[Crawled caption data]
[Start of Attachment]
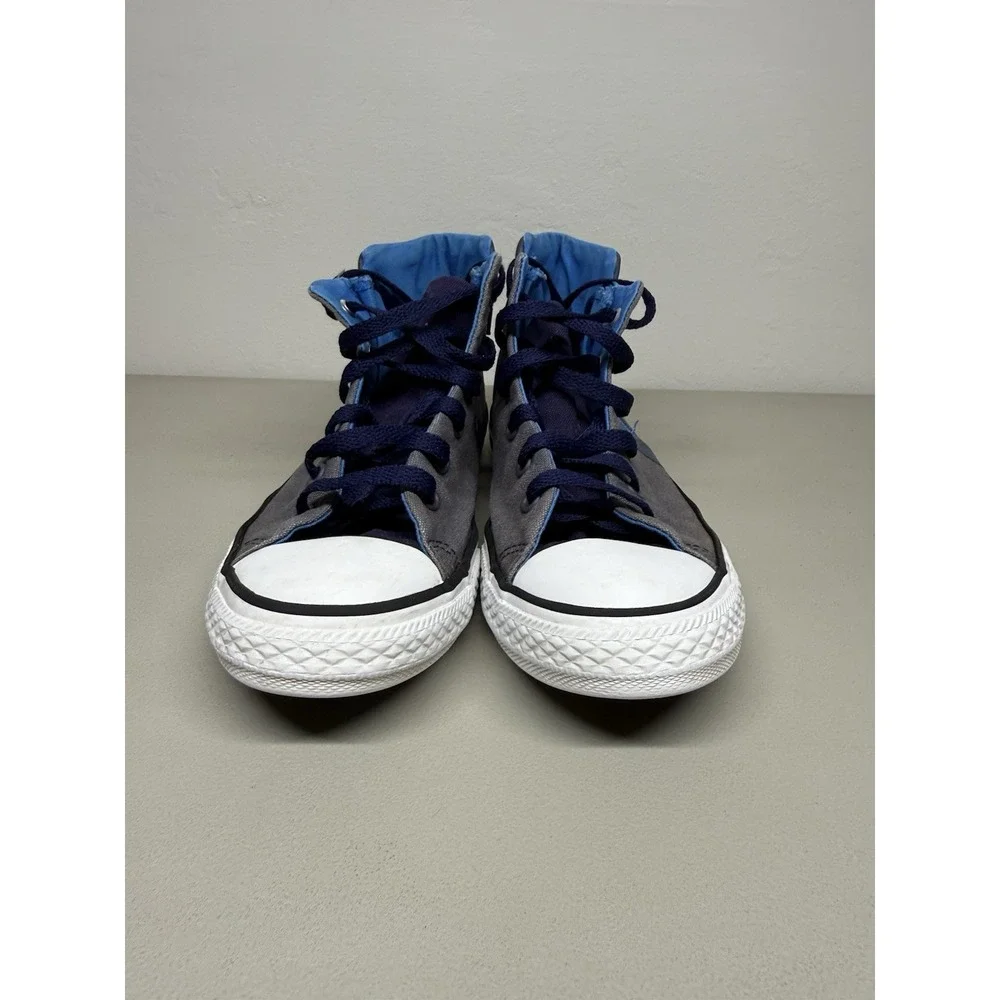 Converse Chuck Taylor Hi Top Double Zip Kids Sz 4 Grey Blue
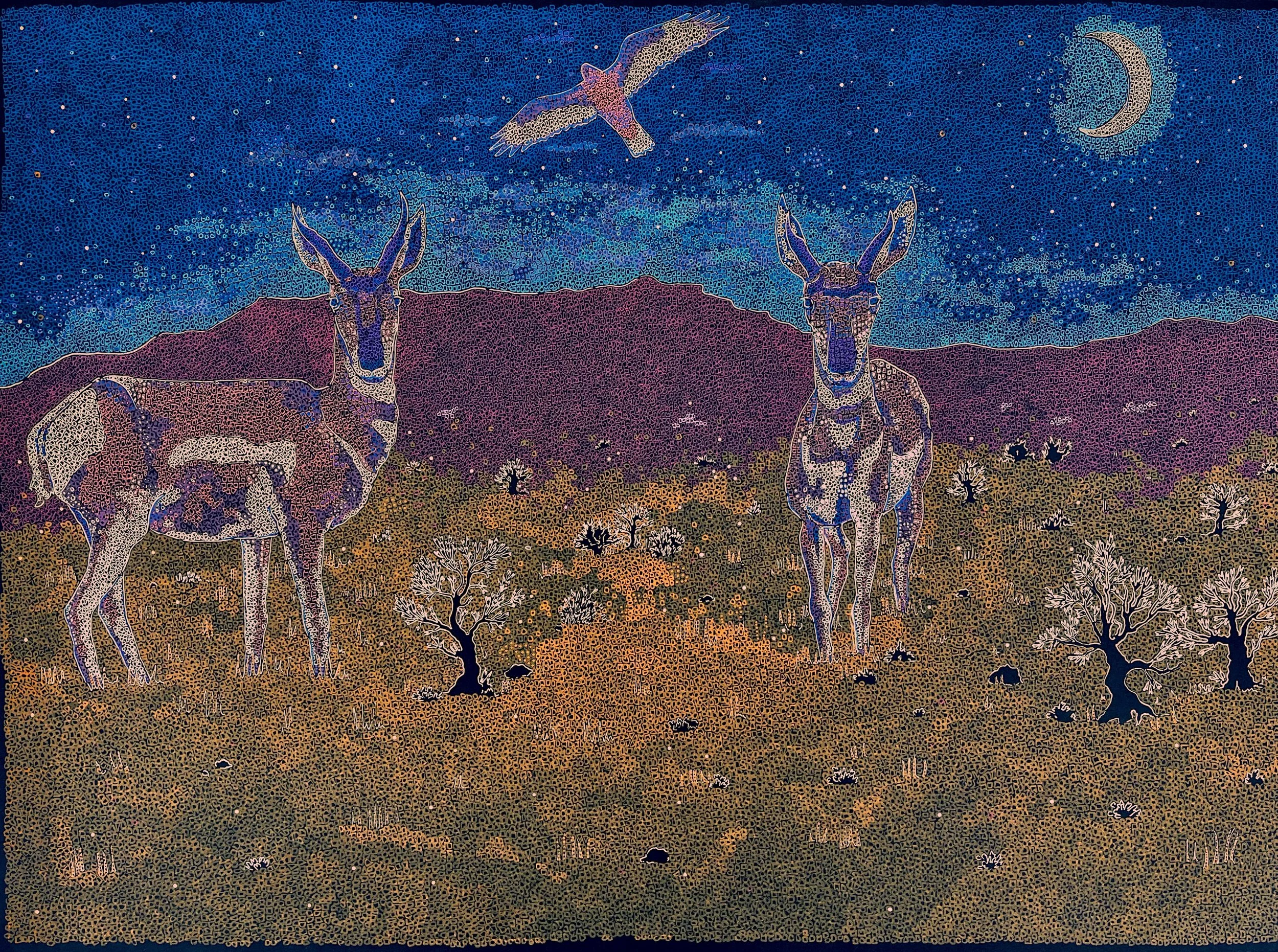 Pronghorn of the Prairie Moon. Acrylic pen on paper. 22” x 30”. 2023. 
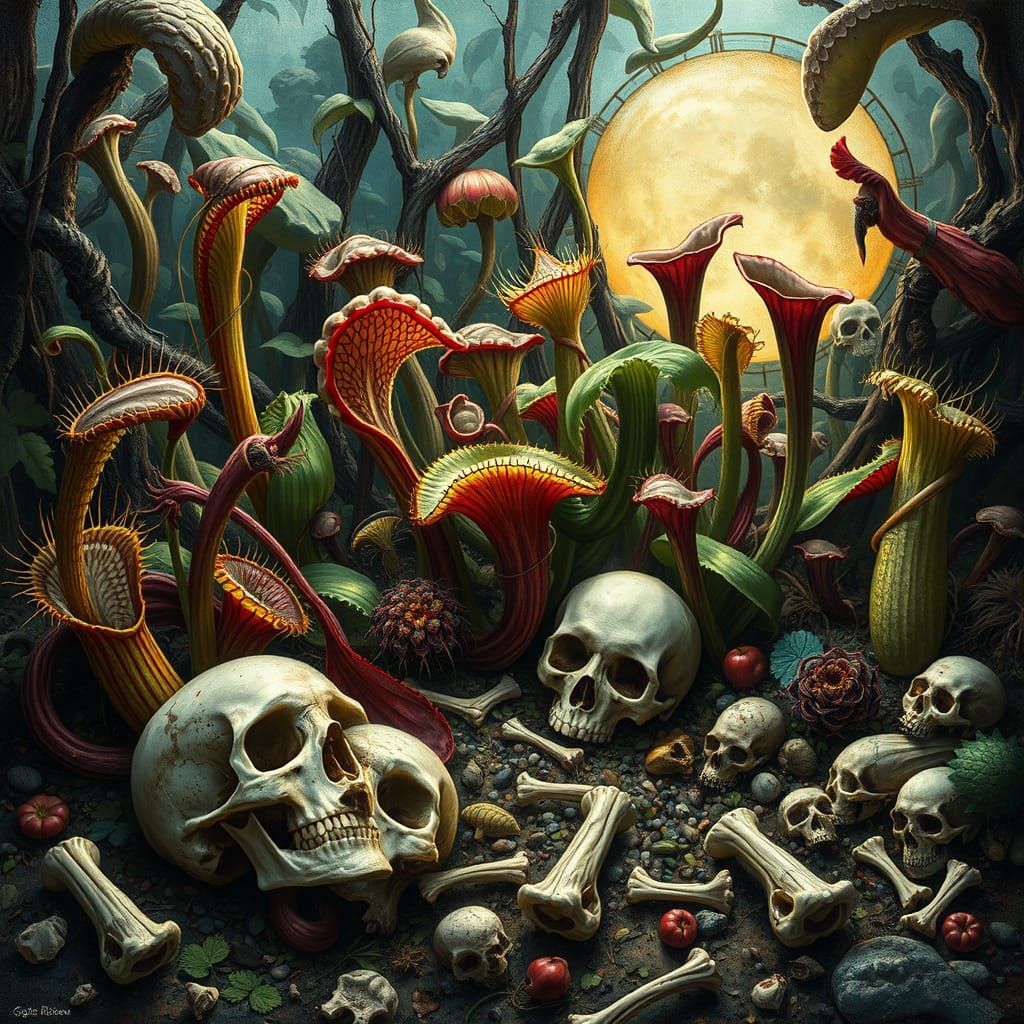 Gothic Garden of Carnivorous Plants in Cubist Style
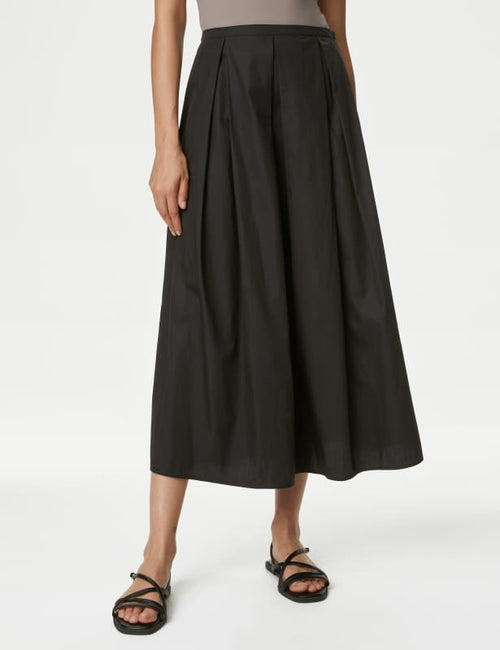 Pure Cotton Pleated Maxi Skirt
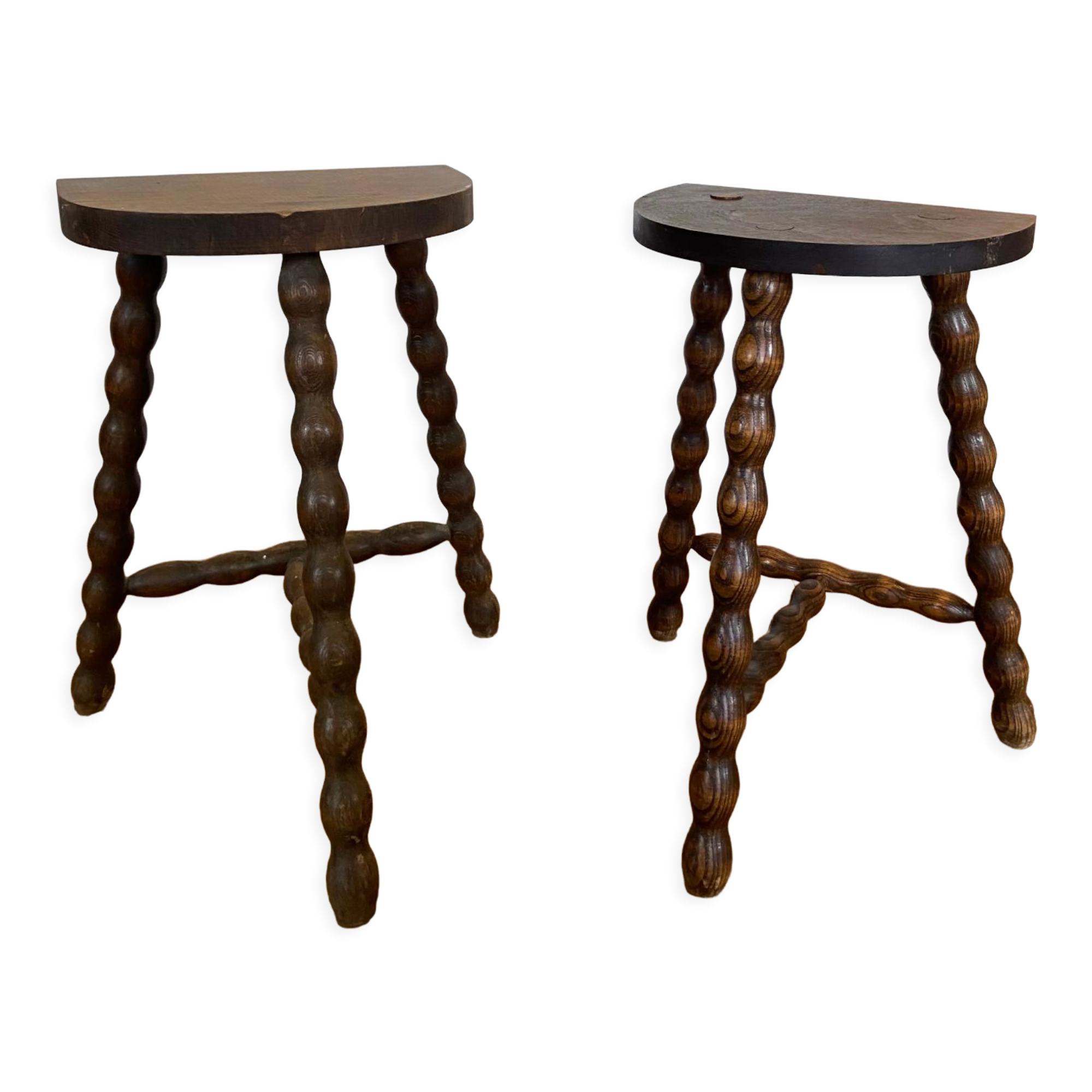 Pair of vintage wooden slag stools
[End of Attachment]
Problem description: Omit the pictures and reproduce the records above exactly.

Your solution:
 Converse Chuck Taylor Hi Top Double Zip Kids Sz 4 Grey Blue
 Pronghorn of the Prairie Moon. Acrylic pen on paper. 22” x 30”. 2023. 
 Gothic Garden of Carnivorous Plants in Cubist Style
 Pure Cotton Pleated Maxi Skirt
 Pair of vintage wooden slag stools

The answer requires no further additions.